Because they went everywhere the troops went, chaplains were constantly caught up in the killing. The Rev G. S. Bryan Brown was killed at Passchendaele by a shell in October 1917.
"He had been helping the wounded at an advanced dressing station, and had come out to get a breath of fresh air when a shell burst beside him," a war correspondent reported.
The Rev Alexander Allen was also killed on the Western Front, in May 1918.
Chaplain-Captain J. R. Stewart was holding a funeral service for multiple men shot dead in Flanders in May 1916 when a shell exploded, killing the chaplain.
A Rev R. H. Fulford was to have gone to New Zealand at the end of the war to organise the Church of England Men's Society, but was killed in Mesopotamia in January 1917.

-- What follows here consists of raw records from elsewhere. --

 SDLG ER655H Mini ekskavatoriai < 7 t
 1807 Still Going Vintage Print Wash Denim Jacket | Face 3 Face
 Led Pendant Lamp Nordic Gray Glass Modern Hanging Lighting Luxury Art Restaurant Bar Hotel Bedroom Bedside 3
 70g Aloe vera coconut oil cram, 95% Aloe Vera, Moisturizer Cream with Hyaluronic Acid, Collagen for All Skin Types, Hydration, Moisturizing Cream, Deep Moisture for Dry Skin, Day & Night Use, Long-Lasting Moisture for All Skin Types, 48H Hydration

Chaplain-Major Grant, 56, was serving as Presbyterian chaplain with the Anzacs at Gallipoli in September 1915.
During a firefight on August 28, Grant had gone searching for wounded New Zealanders, Australian war correspondent Captain Charles Bean reported.
Instead, Grant found a trench full of wounded Turkish troops. Grant dressed their wounds and discussed further treatment with his companion.
"The chaplain crept forward to the bend of the trench. Suddenly there was a report and the chaplain fell forward. A rattle of rifle-shots broke out, making it impossible to reach him."
Grant was buried roughly a mile from where he fell, on Hill 60.
He received the Star British War Medal and the Victory Medal, and left a widow and five children. Two of his sons continued to fight in other parts of Europe.